# datsun 810 diesel problems



## pmogenhan (Dec 17, 2008)

I have a 1981 datsun 810 diesel and Im having problems with the electrical system. It takes a bit to get it started in cold weather, and it has to turn over quite a bit before it gets going. Recently it starts to turn over and then I lose power and it turns over slower and slower. I just replaced the battery and alternator and it still is having problems. I don't think its the starter either because when I first turn the key, it turns over no problem... its only after a couple of seconds that it starts to slow down.

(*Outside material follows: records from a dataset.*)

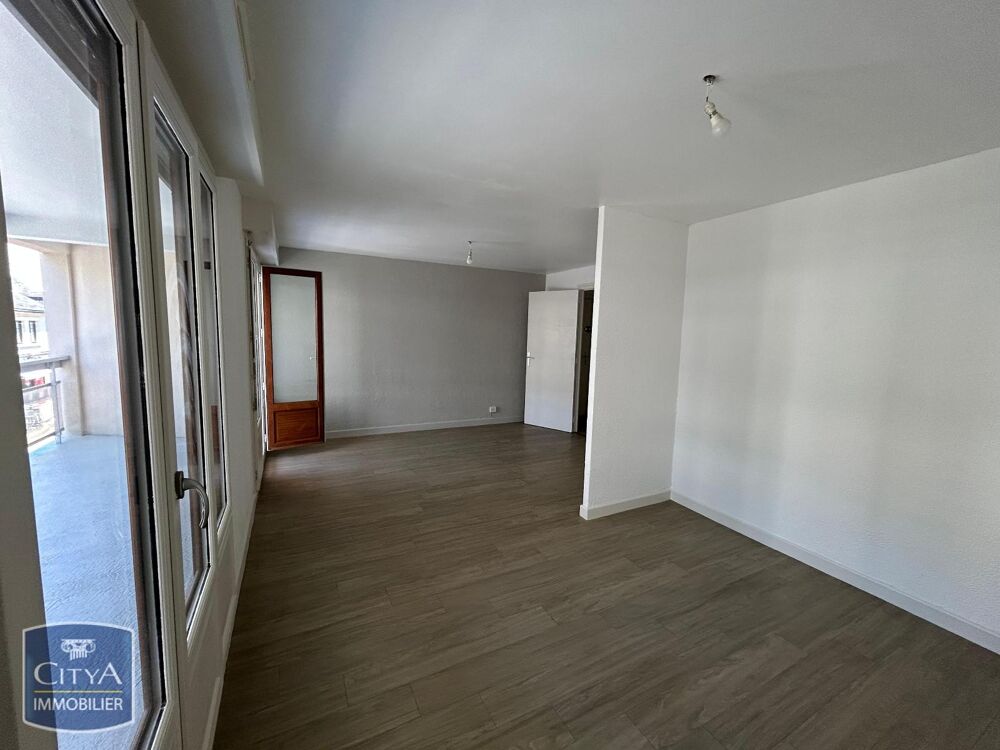 À LOUER : Appartement T5 situé à Tulle, dans le départem....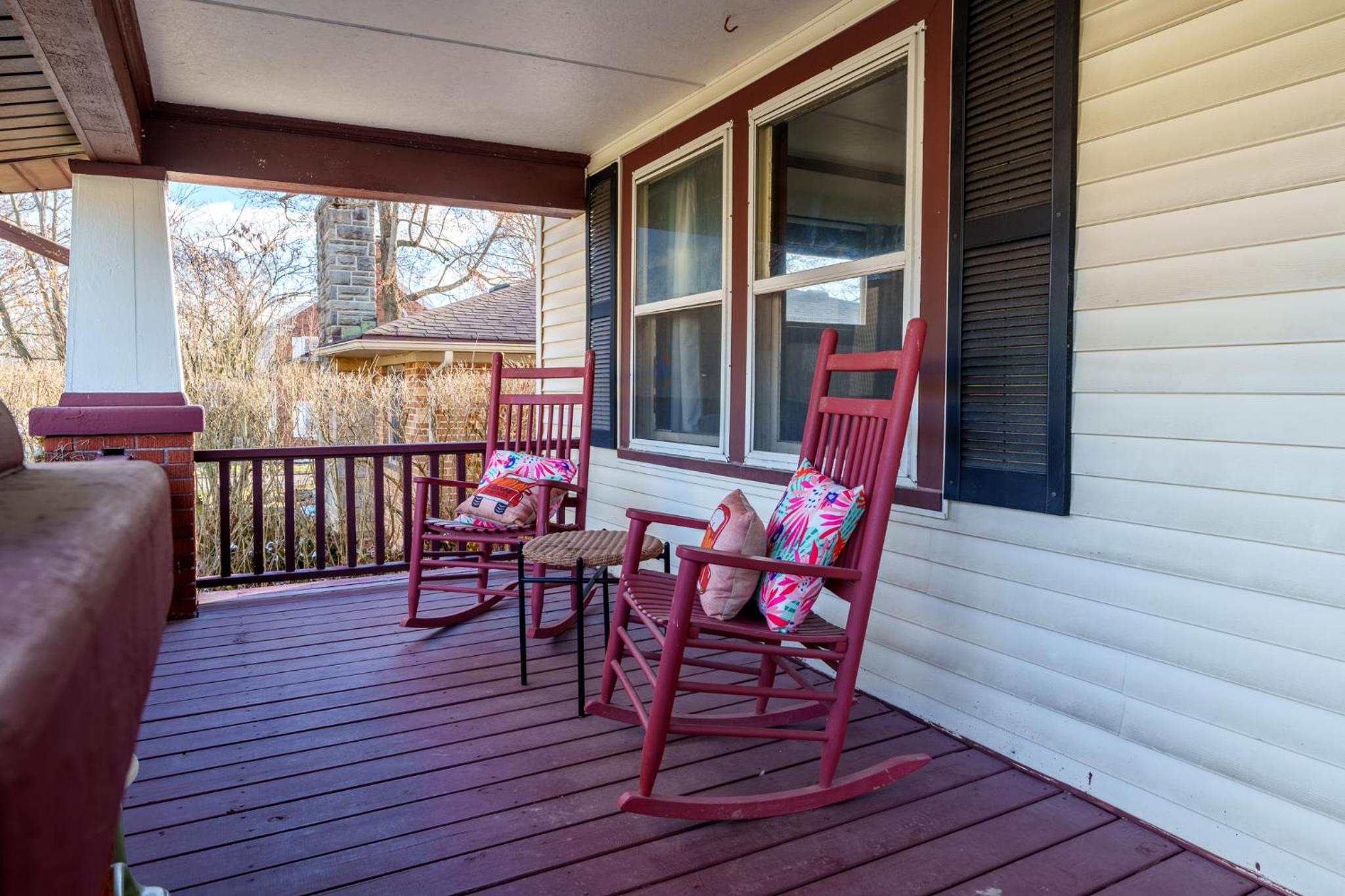 King Bed, 2 Full Baths, Large Deck, Free Bikes, 2 miles to Downtown & Sports Fieldhouse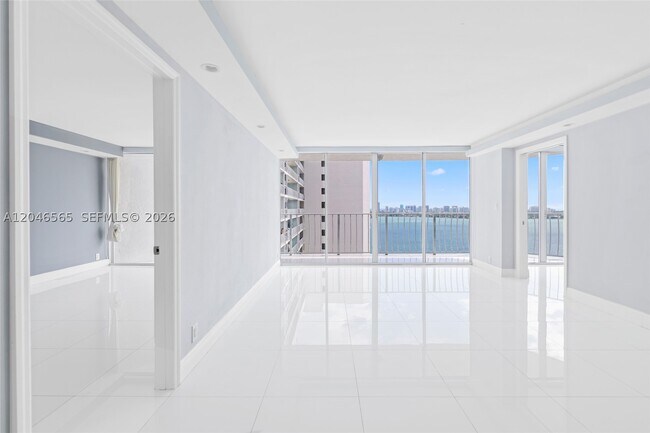 Building Photo - 7601 E Treasure Dr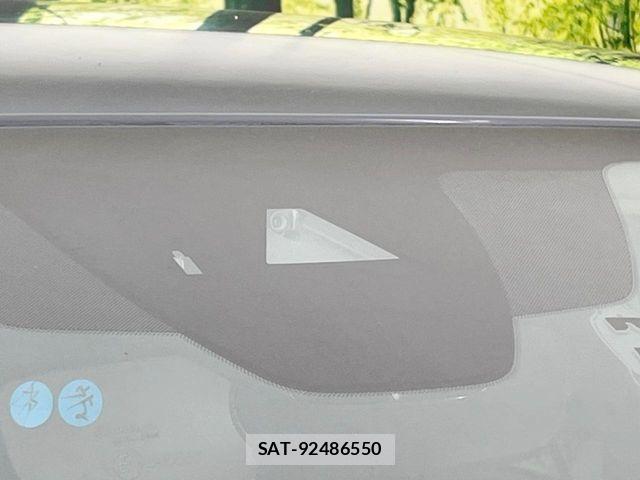 Mazda CX-30 2022-02 8207117-4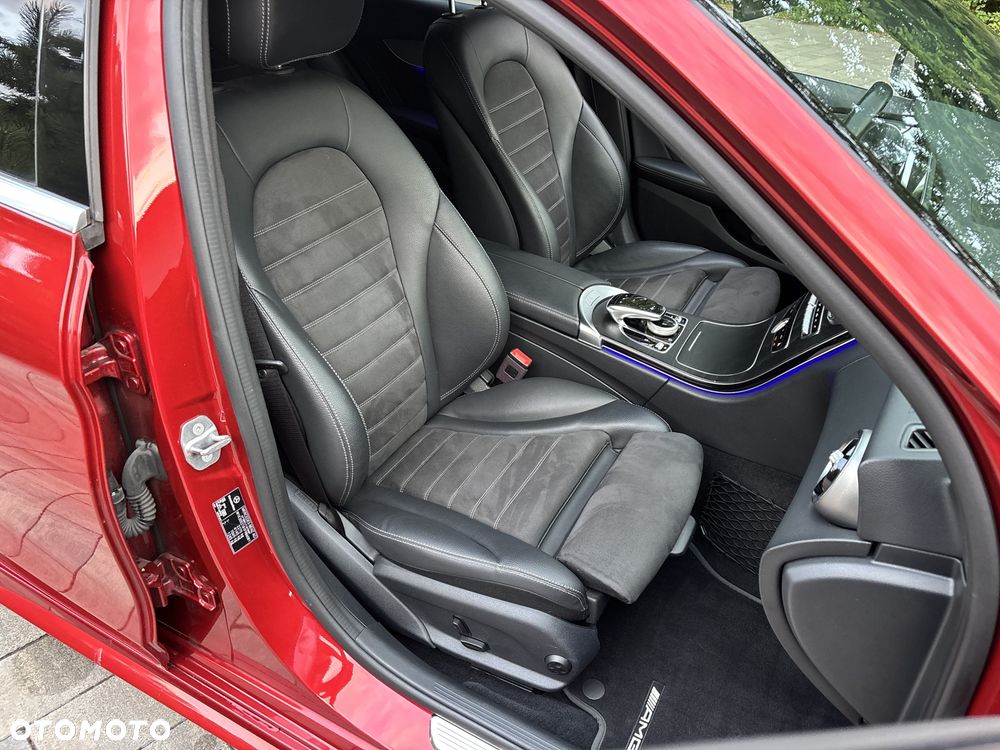 Mercedes-Benz Klasa C 300 d 9G-TRONIC AMG Line - 29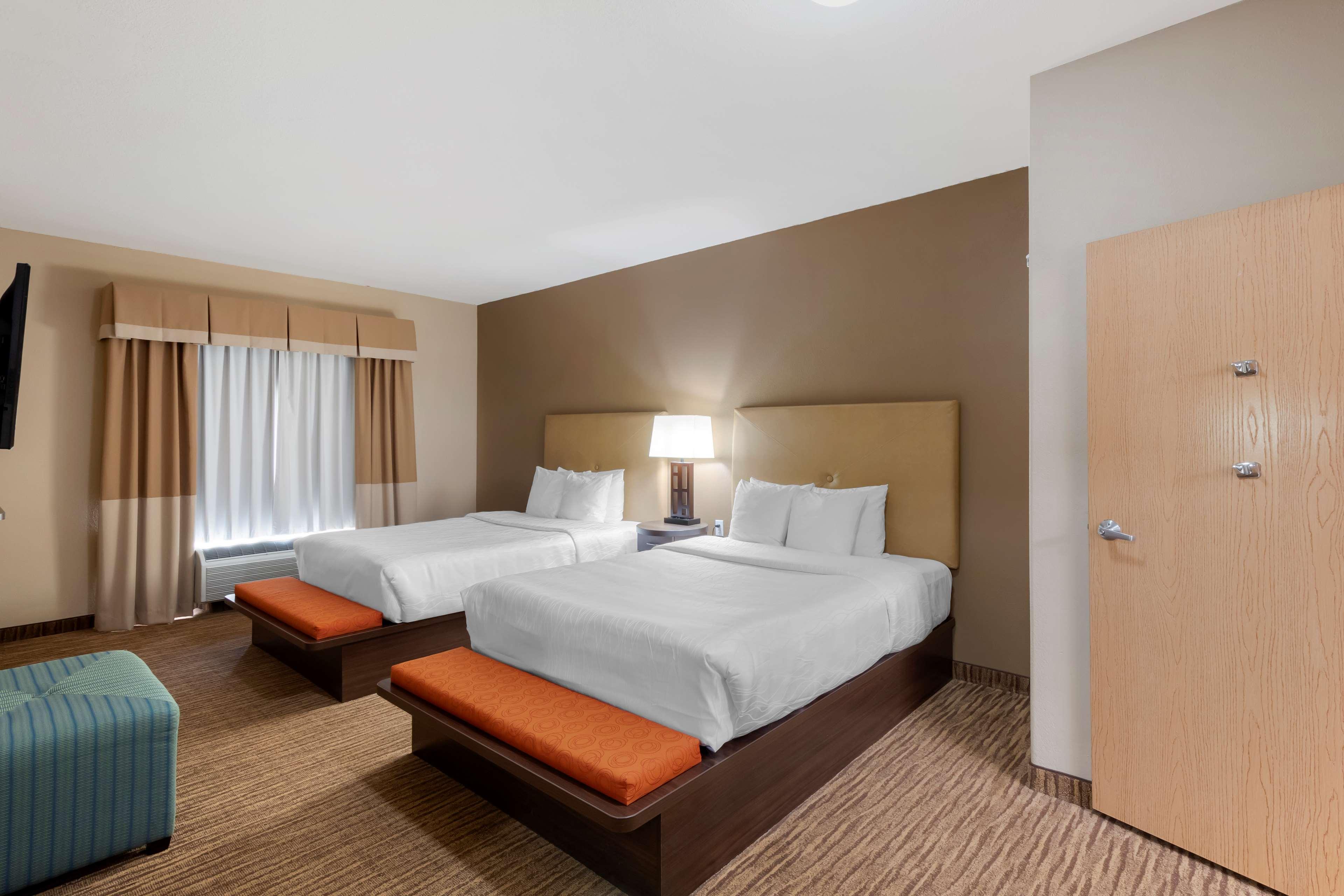 جناح بسريرين كوين، Best Western Plus DFW Airport Suites 2/3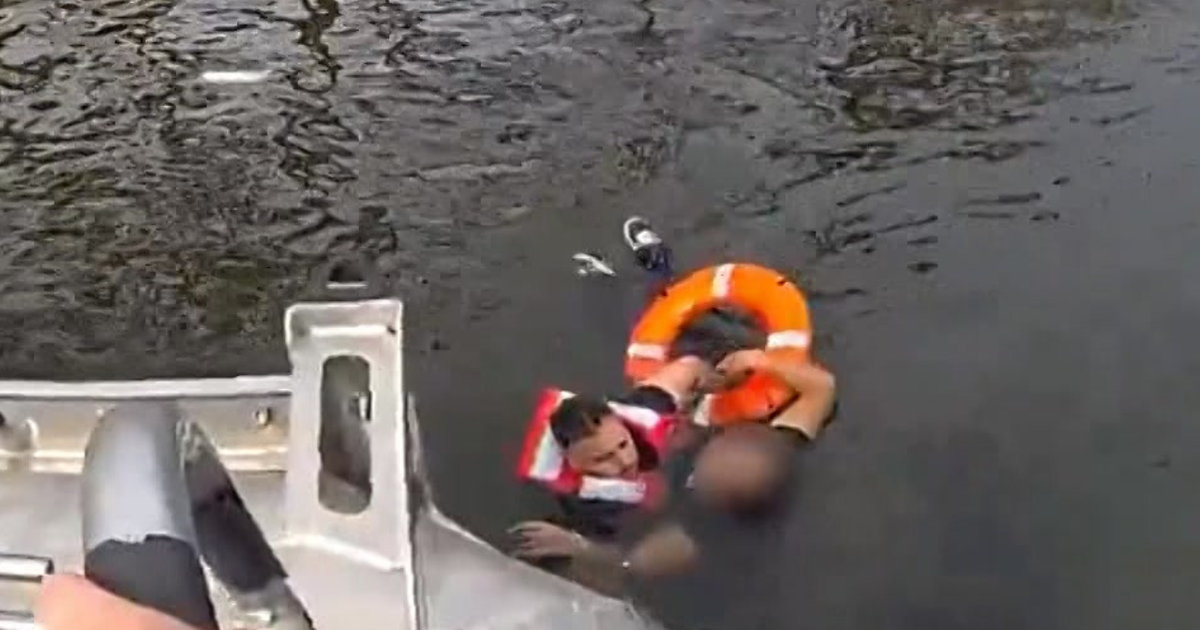 Body camera video shows NYPD officer dive into Newtown Creek in Queens to save drowning teen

Does anyone know what else it could be? I would rather not take it to a mechanic because the car is pretty rare, and I dont think anyone around here would know. I can do it myself as long as its not to heavy duty too. Thanks in advance!


----------



## bendantoni (Mar 9, 2009)

*Could be glowplugs*

Are you waiting for the glowplugs to warm up before starting? It could be the glow plugs, or maybe a compression problem. Try cycling the glow plugs a few times, then starting. If that doesn't work, I'd try spraying a little starting fluid into the air intake right before starting. Only do this once or sparingly, as continued use won't fix the problem and gets the motor addicted to the stuff. After the car is good and warm, will it start easily. If so then it's likely your glow plugs. 

Also make sure you have a fully charged battery, as it sounds like you're draining yours pretty regularly trying to start. When it runs is there smoke from the tailpipe, on startup? continues after startup? If it's smoking than it's likely a compression issue and probably needs a rebuild.

I'm not a mechanic at all, and this could be wrong, but this is what I've gathered from diesel mechanics. I have an 810 diesel and I LOVE it! It's worth and engined rebuild even if it needs it. Where are you located?


----------



## smj999smj (Jan 1, 2006)

I agree...diesel engines fire due to spontaneous combustion...as air compresses, it gets hot, fuel is added and the heat ignites the fuel.. Glow plugs help warm up the air to make starting easier. Glow plugs could be the problem...or any part of the glow plug system. Low compression could also cause this, as well.

Making sure you have the correct battery and that it's fully charged is important, too. IIRC, your 810 took a group 27 battery like most of the diesel equipped Nissans. Getting the engine up to proper cranking speed is important as it will make the compressed air hotter. Fuel quality and pressure are also issues to consider. A service manual would come in handy.

Don't overlook the obvious: Make sure all your fuses are good!


----------